**DESCRIPTION OF THE TASK**
Give again, word for word, each line below starting at the one that contains "Msd Ignition 8481, Kit" and ending at the one that contains "Featured image of".

**** SUPPLIED MATERIAL

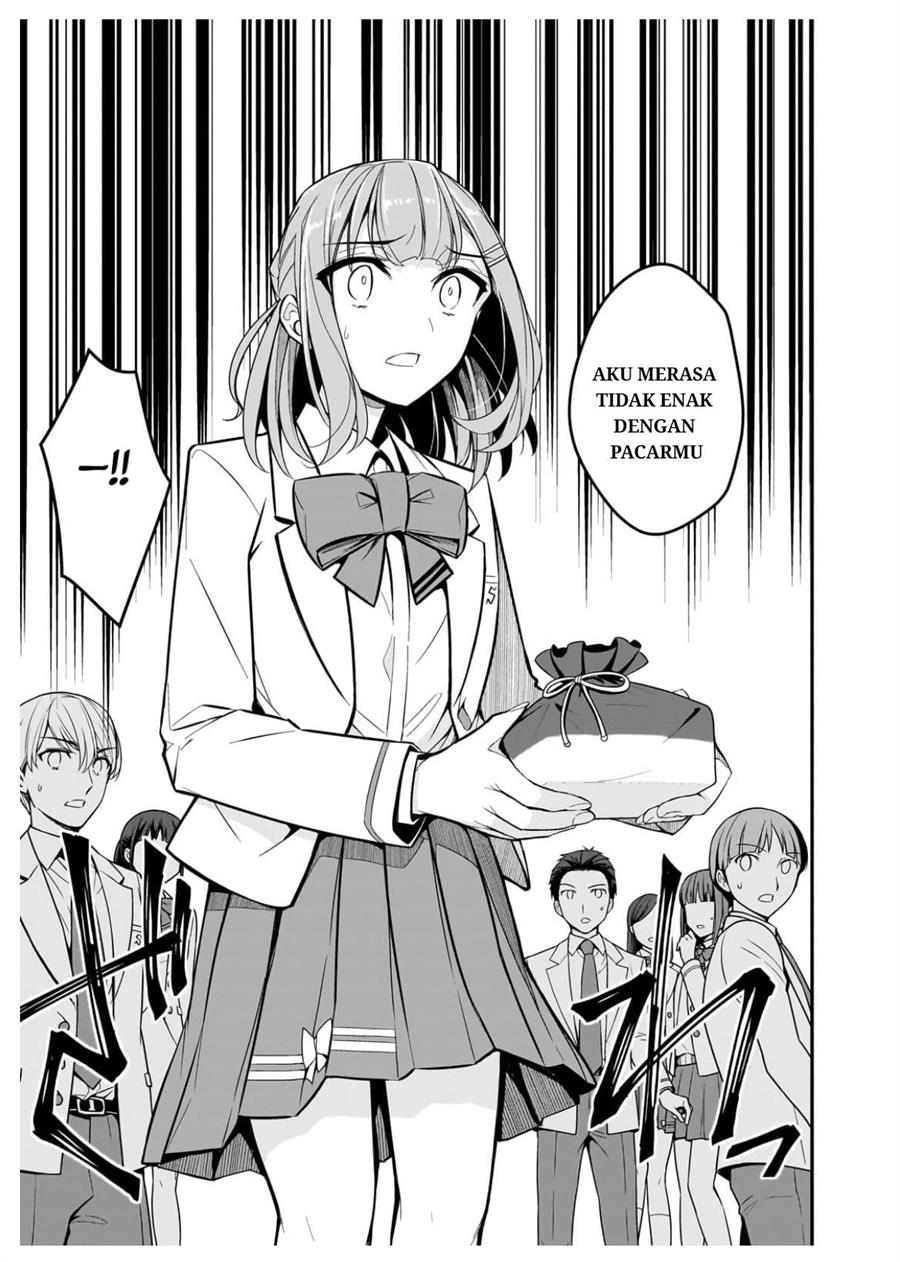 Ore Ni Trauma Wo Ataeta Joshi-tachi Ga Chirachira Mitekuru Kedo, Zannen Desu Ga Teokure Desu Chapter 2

********
**** SUPPLIED MATERIAL

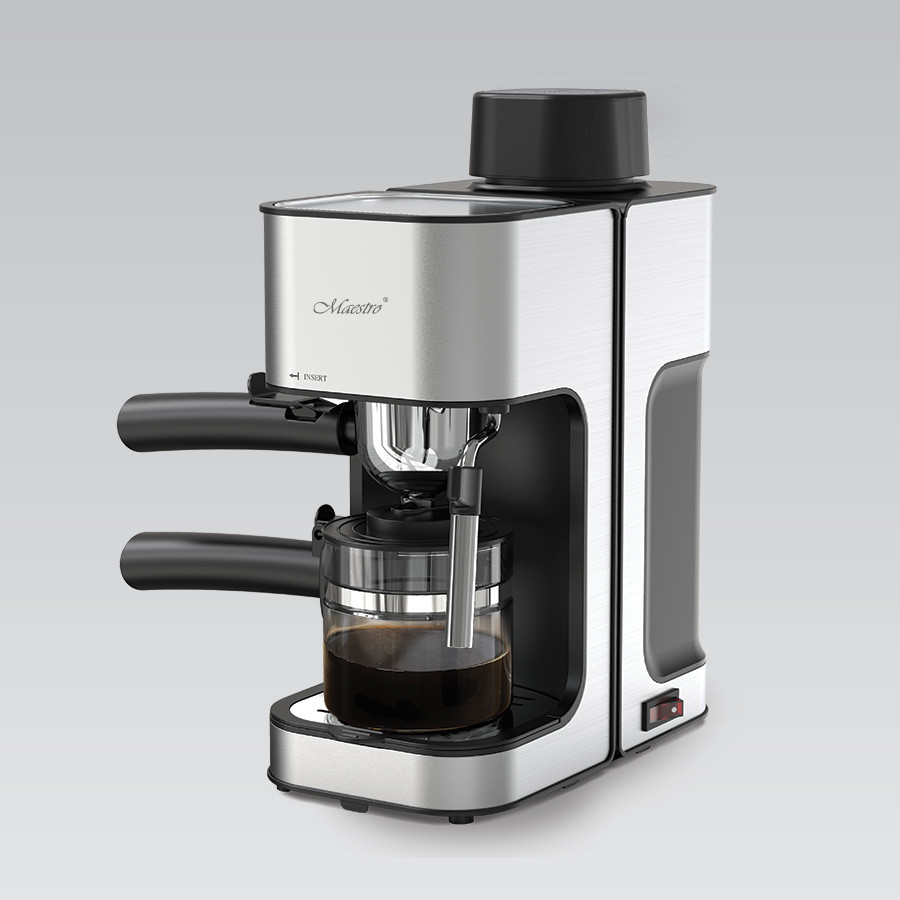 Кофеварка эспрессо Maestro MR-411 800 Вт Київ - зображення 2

********
**** SUPPLIED MATERIAL

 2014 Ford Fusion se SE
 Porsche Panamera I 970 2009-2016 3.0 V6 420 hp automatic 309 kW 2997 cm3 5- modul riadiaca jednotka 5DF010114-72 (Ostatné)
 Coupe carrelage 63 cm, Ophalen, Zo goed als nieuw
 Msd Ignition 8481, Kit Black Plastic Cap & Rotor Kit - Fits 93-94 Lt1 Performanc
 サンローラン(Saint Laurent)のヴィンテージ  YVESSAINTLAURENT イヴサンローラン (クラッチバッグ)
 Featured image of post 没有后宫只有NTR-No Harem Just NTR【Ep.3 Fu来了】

********

**OUTPUT OF THE TASK**
 Msd Ignition 8481, Kit Black Plastic Cap & Rotor Kit - Fits 93-94 Lt1 Performanc
 サンローラン(Saint Laurent)のヴィンテージ  YVESSAINTLAURENT イヴサンローラン (クラッチバッグ)
 Featured image of post 没有后宫只有NTR-No Harem Just NTR【Ep.3 Fu来了】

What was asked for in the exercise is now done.